On Benefits in Manchester

Posted by on Dec 15th, 2009 and filed under Featured, News. You can follow any responses to this entry through the RSS 2.0. You can leave a response or trackback to this entry from your site

Cuts in welfare spending look inevitable whoever wins the next Election. Neither Government nor Opposition, however, has spelt out a vision of what comes after the ‘Welfare State’.  A ‘welfare society’ – in which public agencies act more often as catalysts and enablers rather than, automatically, as providers of state dole – might be an alternative.  But who’s going to have the courage to commit?

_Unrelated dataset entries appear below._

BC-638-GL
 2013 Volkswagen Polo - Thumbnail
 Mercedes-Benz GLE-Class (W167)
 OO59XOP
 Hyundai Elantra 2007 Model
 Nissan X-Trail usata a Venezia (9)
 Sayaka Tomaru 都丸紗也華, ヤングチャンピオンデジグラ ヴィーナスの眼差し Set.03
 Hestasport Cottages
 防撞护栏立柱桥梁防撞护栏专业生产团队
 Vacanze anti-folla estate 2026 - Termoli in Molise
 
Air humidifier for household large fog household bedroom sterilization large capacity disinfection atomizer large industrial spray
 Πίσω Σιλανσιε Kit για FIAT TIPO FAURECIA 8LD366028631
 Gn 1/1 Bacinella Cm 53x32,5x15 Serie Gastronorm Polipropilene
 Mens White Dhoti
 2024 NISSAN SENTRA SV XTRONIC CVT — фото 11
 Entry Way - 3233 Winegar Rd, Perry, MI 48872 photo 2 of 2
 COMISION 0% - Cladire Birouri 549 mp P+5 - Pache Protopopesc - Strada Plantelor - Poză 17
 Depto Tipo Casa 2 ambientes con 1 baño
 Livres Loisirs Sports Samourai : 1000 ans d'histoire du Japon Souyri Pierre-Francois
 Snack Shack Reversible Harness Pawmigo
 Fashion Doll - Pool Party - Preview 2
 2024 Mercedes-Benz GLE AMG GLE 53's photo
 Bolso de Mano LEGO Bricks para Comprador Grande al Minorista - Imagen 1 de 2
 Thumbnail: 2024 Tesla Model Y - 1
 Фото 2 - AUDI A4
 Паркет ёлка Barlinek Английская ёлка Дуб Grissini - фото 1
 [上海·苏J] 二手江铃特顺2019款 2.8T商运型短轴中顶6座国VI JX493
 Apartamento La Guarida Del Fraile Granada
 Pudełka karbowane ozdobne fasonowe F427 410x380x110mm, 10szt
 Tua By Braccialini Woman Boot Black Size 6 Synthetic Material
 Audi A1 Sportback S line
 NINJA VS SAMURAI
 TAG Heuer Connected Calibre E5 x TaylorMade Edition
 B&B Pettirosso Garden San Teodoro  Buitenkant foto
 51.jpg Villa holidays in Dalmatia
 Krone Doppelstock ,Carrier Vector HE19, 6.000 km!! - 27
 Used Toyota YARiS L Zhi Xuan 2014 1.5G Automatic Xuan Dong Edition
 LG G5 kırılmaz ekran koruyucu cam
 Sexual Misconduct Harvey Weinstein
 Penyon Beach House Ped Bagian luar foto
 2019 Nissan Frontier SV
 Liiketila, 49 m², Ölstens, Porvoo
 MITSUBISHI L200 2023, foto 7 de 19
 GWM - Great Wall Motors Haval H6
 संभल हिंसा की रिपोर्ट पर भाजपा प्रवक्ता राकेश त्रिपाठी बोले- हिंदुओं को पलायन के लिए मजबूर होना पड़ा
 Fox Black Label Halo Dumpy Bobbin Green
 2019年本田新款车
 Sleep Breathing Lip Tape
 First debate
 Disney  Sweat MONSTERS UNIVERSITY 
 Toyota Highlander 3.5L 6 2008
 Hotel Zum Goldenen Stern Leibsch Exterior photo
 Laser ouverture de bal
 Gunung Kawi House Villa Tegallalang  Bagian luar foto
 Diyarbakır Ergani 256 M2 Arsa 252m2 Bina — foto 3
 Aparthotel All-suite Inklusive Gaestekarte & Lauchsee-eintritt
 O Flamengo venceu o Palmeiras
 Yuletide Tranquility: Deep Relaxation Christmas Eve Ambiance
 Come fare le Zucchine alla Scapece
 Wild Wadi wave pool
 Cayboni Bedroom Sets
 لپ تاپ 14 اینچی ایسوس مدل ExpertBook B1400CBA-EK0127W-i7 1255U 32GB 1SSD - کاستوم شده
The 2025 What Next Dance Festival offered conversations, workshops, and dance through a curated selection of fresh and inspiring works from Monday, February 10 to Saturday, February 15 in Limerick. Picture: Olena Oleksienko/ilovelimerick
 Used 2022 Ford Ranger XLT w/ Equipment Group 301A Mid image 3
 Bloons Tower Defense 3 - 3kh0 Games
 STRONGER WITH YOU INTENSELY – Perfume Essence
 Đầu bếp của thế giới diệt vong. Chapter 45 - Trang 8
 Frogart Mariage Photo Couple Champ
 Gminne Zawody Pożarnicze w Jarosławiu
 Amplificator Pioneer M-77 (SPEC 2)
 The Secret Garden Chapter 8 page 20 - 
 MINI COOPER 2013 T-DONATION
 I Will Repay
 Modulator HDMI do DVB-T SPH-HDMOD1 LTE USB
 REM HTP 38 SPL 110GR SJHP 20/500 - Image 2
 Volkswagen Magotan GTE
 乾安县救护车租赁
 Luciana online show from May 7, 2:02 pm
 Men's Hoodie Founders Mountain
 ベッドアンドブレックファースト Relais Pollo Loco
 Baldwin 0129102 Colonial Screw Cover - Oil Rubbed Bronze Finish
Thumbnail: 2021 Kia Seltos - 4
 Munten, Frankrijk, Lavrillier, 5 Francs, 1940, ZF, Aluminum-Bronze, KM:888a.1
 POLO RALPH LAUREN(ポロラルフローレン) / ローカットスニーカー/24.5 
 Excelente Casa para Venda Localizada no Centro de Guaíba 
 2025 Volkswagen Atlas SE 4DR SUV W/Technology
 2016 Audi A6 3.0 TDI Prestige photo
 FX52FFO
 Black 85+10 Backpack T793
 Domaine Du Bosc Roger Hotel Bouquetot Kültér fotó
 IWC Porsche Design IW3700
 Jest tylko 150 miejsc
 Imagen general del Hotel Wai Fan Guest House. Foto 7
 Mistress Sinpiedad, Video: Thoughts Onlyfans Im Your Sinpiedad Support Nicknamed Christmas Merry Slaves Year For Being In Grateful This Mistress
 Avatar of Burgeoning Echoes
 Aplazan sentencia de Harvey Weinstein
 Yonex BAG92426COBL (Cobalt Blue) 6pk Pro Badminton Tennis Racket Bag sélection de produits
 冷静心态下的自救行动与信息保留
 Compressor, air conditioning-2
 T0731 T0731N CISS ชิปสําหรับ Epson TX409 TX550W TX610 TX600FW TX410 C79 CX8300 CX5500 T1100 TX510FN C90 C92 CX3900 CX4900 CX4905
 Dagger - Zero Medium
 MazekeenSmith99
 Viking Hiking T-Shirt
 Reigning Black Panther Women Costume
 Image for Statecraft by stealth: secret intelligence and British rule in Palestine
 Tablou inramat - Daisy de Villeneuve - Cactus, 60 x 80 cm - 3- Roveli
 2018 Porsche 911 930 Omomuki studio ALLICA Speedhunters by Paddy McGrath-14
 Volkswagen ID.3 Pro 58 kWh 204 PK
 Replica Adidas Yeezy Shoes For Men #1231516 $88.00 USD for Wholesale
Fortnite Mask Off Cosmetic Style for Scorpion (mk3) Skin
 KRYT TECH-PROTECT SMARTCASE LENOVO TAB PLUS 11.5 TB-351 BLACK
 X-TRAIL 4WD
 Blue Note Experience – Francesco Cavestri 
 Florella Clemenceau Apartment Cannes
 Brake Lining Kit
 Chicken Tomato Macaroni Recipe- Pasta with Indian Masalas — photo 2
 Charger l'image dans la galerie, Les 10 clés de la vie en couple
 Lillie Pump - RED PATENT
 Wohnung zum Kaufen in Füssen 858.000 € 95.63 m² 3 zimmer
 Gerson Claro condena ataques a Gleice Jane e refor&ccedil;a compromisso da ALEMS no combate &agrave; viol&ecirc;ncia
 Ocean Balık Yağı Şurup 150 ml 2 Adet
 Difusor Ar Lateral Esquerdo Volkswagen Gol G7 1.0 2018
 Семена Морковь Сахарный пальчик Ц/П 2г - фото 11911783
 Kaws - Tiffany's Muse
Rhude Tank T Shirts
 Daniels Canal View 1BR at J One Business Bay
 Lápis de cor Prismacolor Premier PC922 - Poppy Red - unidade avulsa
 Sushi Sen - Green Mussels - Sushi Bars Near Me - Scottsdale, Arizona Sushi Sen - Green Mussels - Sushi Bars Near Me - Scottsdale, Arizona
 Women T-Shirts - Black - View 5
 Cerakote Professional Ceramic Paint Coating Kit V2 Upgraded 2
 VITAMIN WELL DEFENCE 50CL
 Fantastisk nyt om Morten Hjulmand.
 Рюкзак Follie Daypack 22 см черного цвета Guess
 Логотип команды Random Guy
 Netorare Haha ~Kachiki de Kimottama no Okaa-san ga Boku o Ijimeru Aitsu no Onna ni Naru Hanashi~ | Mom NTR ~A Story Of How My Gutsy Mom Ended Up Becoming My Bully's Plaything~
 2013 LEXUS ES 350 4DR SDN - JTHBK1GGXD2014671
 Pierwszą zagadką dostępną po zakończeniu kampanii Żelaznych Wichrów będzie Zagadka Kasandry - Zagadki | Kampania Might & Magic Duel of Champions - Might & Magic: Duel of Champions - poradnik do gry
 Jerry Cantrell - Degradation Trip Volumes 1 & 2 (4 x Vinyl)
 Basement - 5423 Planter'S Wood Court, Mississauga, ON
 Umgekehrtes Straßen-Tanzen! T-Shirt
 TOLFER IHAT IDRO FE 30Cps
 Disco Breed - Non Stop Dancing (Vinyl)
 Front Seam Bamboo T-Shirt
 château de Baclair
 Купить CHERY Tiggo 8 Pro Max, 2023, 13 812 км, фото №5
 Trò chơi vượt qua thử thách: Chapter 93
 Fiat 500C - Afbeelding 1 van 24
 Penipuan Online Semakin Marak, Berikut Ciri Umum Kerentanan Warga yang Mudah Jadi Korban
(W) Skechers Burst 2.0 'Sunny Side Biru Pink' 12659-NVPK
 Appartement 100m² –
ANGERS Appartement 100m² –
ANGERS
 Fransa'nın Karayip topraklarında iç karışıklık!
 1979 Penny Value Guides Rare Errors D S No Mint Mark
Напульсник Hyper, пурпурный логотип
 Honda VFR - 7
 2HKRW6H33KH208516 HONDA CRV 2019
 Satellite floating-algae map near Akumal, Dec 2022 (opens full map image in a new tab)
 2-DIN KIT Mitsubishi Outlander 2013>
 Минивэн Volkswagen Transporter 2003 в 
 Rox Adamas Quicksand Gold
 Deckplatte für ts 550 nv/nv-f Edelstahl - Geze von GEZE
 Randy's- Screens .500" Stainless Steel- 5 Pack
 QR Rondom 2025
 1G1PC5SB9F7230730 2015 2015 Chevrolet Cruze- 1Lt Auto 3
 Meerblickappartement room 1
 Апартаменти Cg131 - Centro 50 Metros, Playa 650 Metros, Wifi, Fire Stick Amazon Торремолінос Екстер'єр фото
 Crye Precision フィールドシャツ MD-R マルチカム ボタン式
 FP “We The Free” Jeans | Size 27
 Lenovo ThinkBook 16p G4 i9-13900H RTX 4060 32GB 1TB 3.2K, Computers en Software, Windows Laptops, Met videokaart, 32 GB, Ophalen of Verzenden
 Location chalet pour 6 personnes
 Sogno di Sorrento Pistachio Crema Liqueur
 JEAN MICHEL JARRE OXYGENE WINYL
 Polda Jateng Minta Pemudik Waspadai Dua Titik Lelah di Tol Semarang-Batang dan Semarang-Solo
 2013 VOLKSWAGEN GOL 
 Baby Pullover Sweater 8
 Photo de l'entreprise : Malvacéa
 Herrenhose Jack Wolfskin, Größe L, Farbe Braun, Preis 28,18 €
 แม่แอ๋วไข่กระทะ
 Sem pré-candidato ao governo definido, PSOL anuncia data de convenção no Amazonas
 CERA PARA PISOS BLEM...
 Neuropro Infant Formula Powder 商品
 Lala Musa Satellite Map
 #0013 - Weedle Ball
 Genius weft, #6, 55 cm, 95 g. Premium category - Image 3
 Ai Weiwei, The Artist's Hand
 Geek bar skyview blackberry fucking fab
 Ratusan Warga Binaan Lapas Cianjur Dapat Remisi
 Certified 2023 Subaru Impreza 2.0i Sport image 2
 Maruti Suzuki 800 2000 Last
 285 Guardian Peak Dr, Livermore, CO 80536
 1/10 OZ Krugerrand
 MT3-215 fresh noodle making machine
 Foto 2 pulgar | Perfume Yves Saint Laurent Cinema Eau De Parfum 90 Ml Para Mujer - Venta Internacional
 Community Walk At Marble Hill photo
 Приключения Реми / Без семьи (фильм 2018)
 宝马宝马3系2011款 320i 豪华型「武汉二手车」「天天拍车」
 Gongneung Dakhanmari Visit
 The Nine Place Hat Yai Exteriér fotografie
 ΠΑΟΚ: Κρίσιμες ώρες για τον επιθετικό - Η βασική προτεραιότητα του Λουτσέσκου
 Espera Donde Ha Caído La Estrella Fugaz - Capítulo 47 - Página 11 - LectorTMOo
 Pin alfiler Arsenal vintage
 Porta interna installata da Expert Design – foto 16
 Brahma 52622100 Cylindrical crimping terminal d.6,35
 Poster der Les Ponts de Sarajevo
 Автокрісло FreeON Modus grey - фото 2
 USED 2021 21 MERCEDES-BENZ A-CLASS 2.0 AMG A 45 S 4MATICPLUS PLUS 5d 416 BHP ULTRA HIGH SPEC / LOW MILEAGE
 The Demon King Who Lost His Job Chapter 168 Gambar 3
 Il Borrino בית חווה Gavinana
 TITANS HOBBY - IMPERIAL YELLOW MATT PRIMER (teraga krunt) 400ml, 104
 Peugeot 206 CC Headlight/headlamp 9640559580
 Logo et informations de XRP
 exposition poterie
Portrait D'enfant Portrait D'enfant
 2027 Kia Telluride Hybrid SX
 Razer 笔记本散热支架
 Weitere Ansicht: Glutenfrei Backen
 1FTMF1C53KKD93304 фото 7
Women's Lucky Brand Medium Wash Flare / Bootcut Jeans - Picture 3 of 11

Last month we published the welfare dependency map of the West Midlands showing the percentage of families dependent on out of work benefits (including incapacity benefit)  in each parliamentary constituency.  Here’s the equivalent map for parliamentary constituencies in Greater Manchester:

gmbensmapnames

KEY

RED more than 25% of adults dependent on out of work benefits including incapacity benefit

DARK PINK more than 20% dependent

MID PINK more than 15% dependent

PINK more than 10% dependent

These figures are constituency wide, ie they are the average level across a population of about 100,000 people.  Within each constituency there may be very marked variations in the level of welfare dependency between neighbourhoods and within communities that share neighbourhoods.